Web page caption snippets
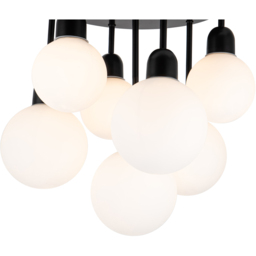 Cosylyte 7 Light Matt Black Opal Glass Ceiling Light - Size: 28 x 51 x 46cm - Wilko - thumbnail 5
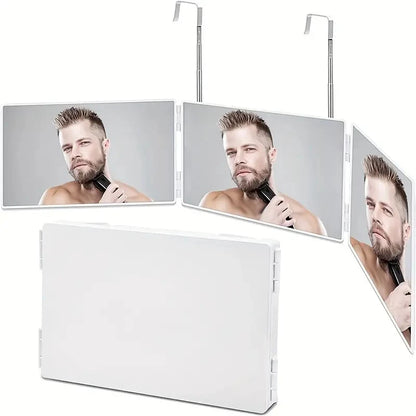 Trifold Shaving Mirror with Adjustable Hooks for Easy Use - Smarsty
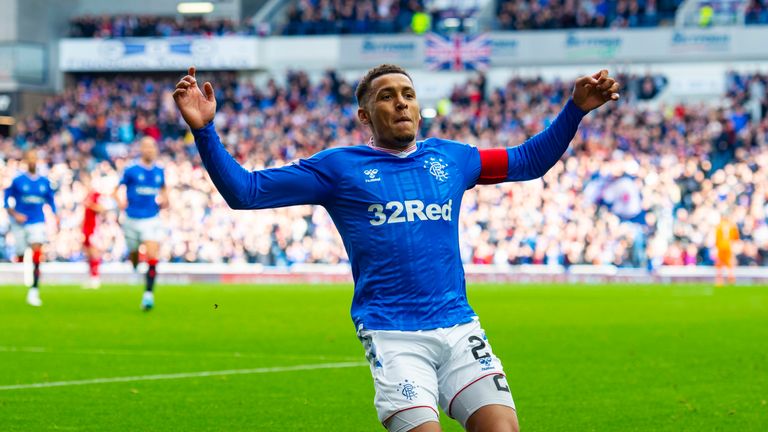 James Tavernier celebrates after scoring to make it 1-0 during the Ladbrokes Premiership match between Rangers and Aberdeen at Ibrox 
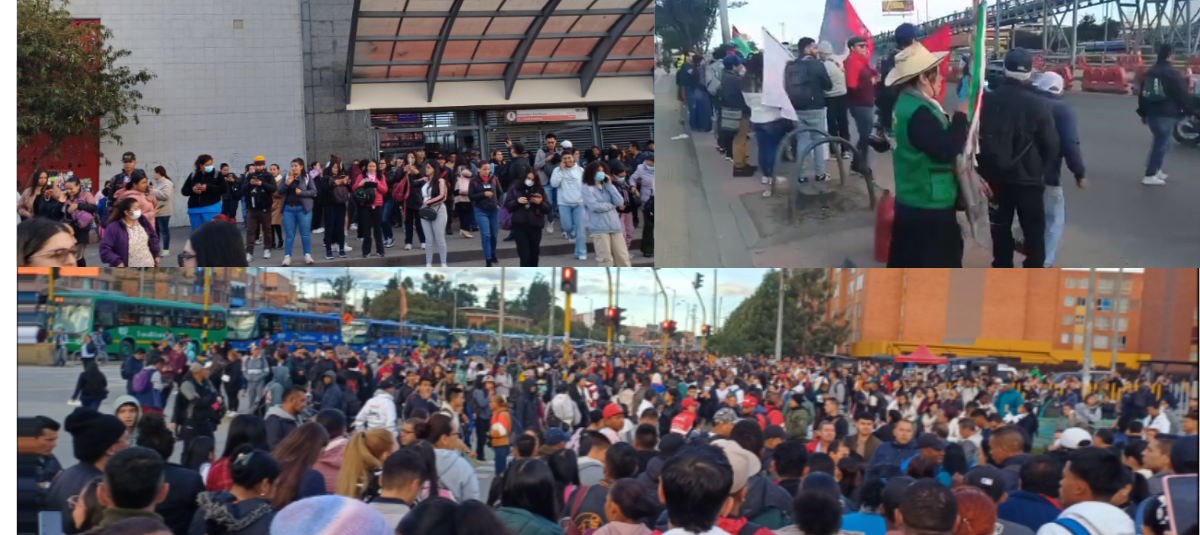 En vivo Paro nacional hoy | Bloqueos por manifestaciones en avenida Suba, Portal Américas y la autopista Sur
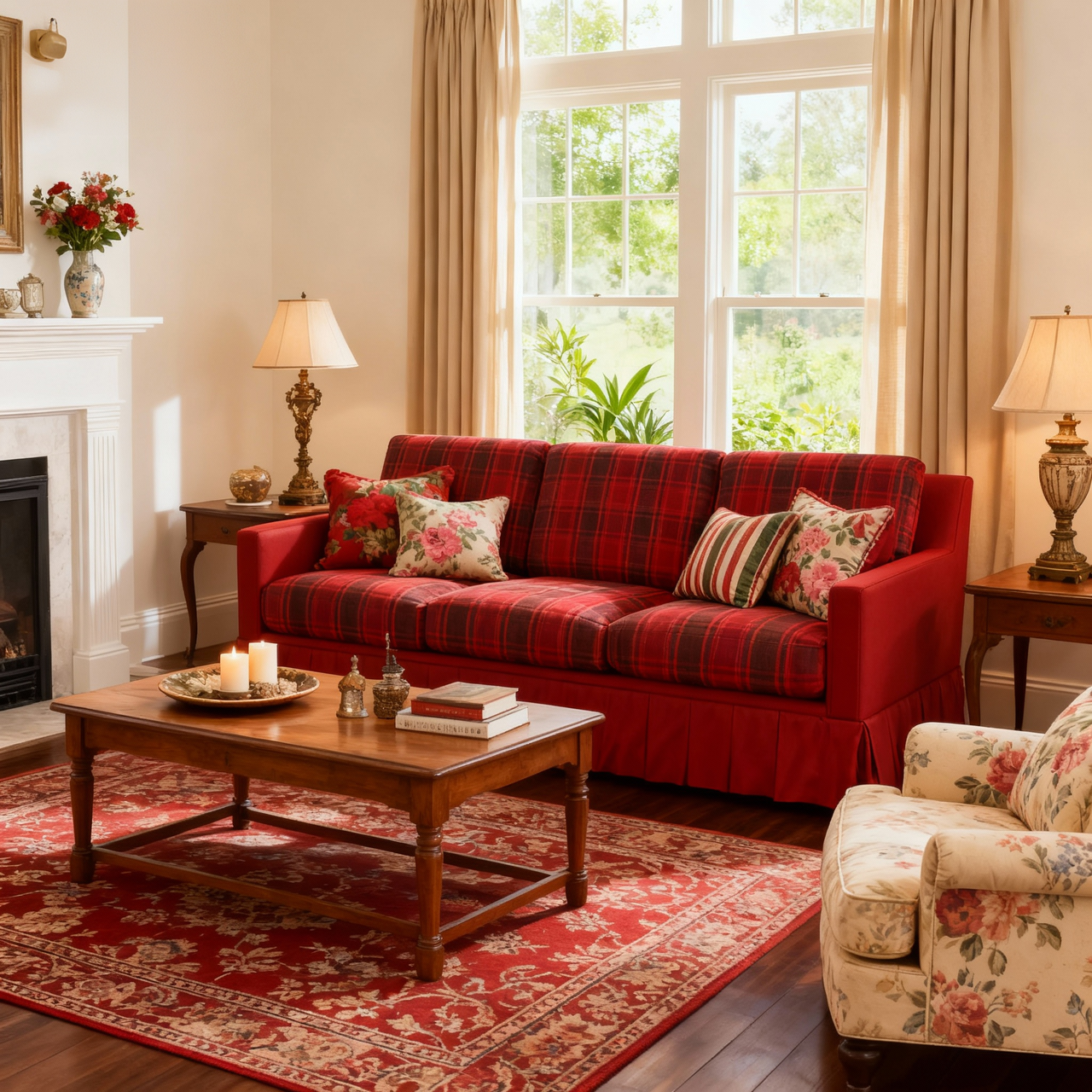 Cottonfy Country Check Sofa with Removable Skirted Covers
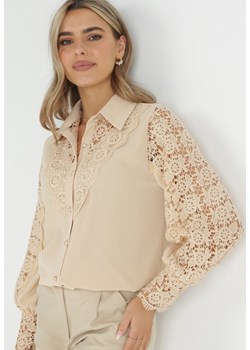 Beżowa Koszula z Ażurowymi Wstawkami i Bufiastym Rękawem Simkin ze sklepu Born2be Odzież w kategorii Koszule damskie - zdjęcie 149174125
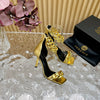 Walking charm and beauty online Versace new high heels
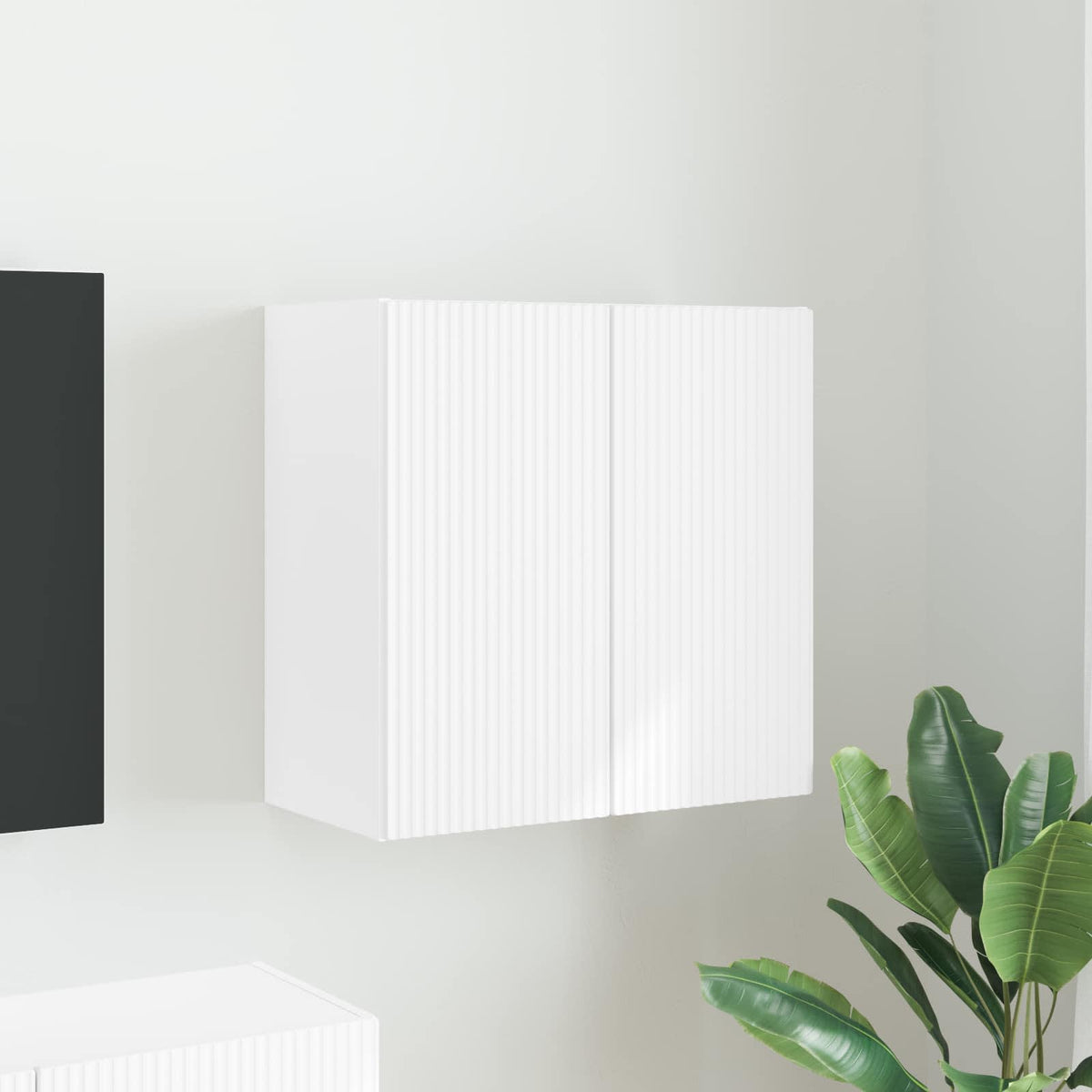 TV Wall Cabinet 59.5 x 31 x 60 cm White Engineered Wood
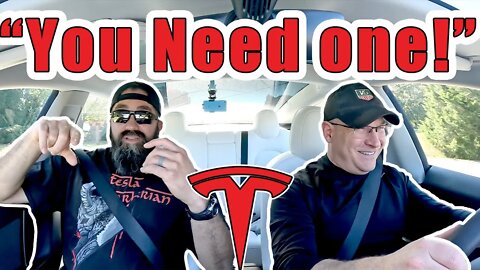 Tesla Model 3 Test Drive! - He Now Wants a Tesla, Despite Owning a Porsche and a Ducati! - #Tesla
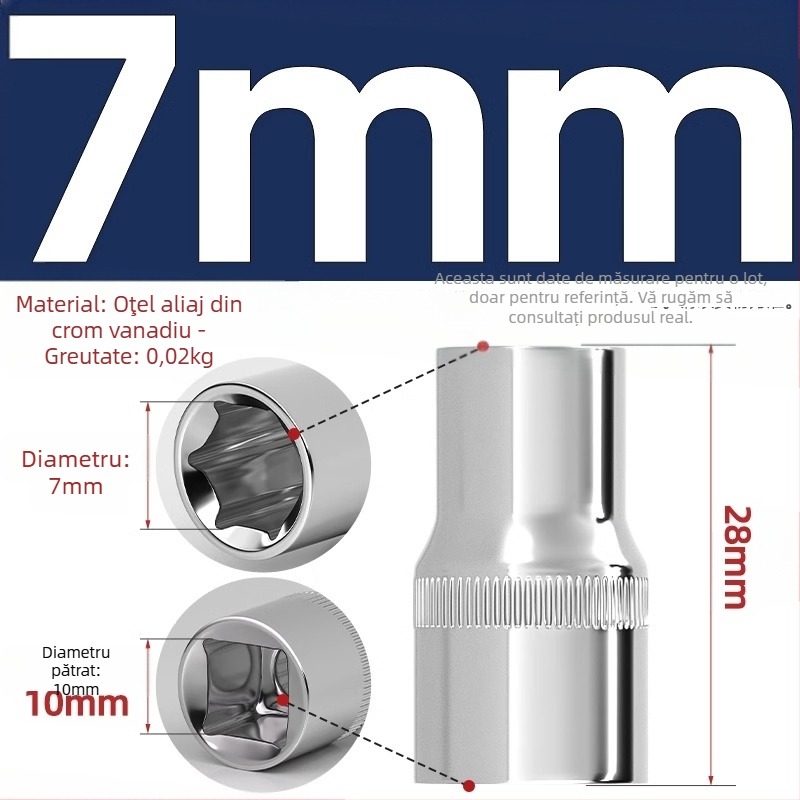 Set cheie hexagonala cu tijă de extensie și articulație universală; priză hexagonală cu 6 fețe; oțel crom-vanadiu; finisaj lucios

• **EXERCISE DIRECTIONS**
Reproduce the lines from the line with "TV Wall Cabinet" through the last line of the entries exactly, including both ends and excluding pictures.

• **WRITTEN ANSWER**
 TV Wall Cabinet 59.5 x 31 x 60 cm White Engineered Wood
 Tesla Model 3 Test Drive! - He Now Wants a Tesla, Despite Owning a Porsche and a Ducati! - #Tesla
 Set cheie hexagonala cu tijă de extensie și articulație universală; priză hexagonală cu 6 fețe; oțel crom-vanadiu; finisaj lucios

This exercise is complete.